§ TASK ITEM: Nothing but the pictures should be left out when you copy the records exactly.
START AVAILABLE RECORDS
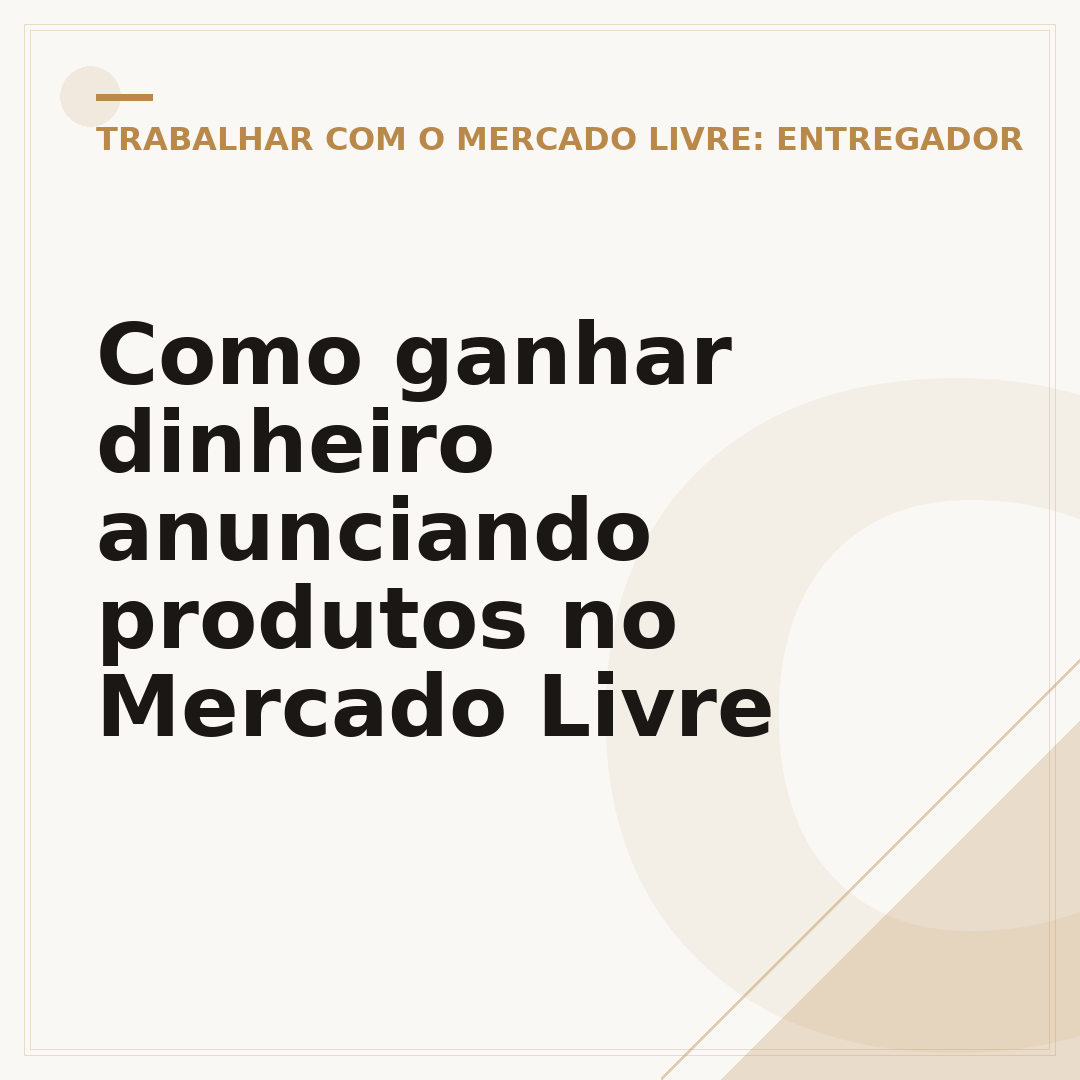 Como ganhar dinheiro anunciando produtos no Mercado Livre
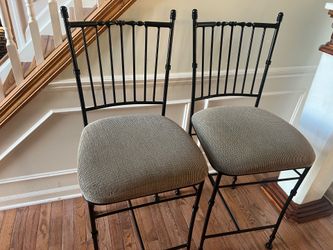 Two beautiful bar chairs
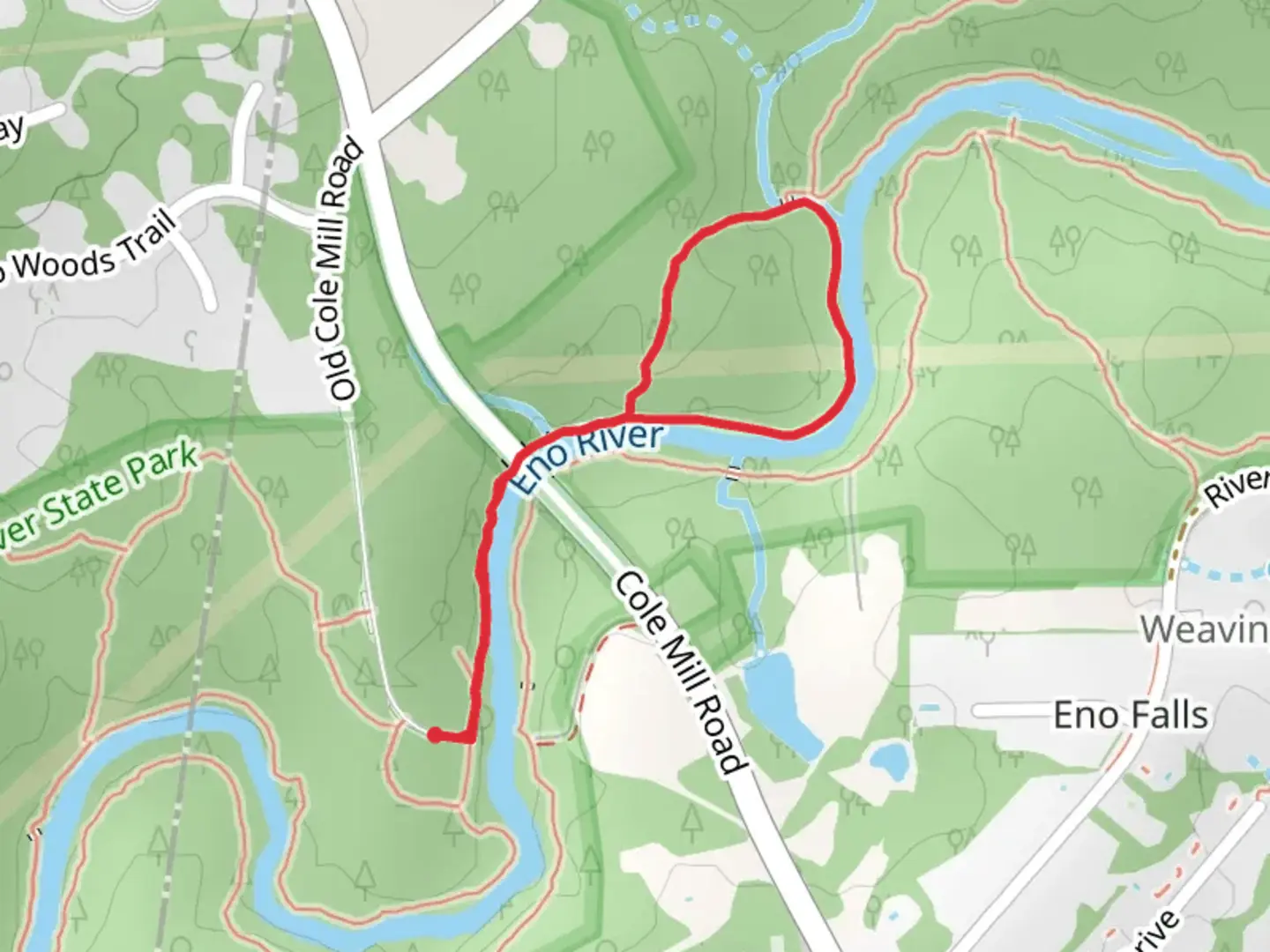 An image depicting the trail Pea Creek Loop Trail and its surrounding area.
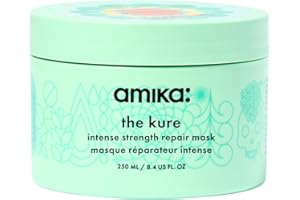 amika the kure intense strength repair hair mask - strengthening hair care for dry, damaged strands - rich deep conditioner enriched with bond fortifying technology to help reduce breakage (250 ml)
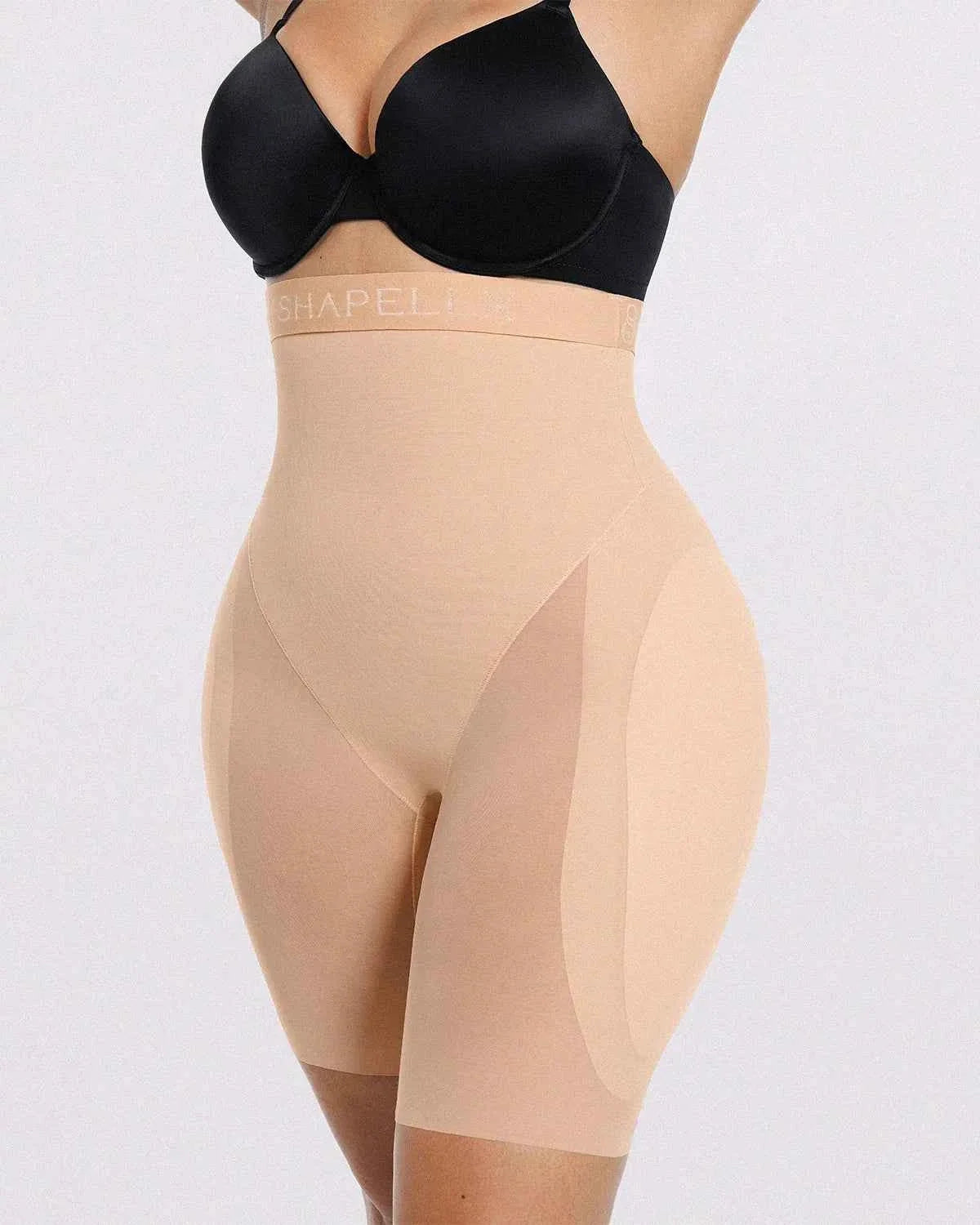 Bare Essentials Midi Dress - Black Tummy Control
END AVAILABLE RECORDS
§ RESPONSE FOR THIS EXERCISE:
 Como ganhar dinheiro anunciando produtos no Mercado Livre
 Two beautiful bar chairs
 An image depicting the trail Pea Creek Loop Trail and its surrounding area.
 amika the kure intense strength repair hair mask - strengthening hair care for dry, damaged strands - rich deep conditioner enriched with bond fortifying technology to help reduce breakage (250 ml)
 Bare Essentials Midi Dress - Black Tummy Control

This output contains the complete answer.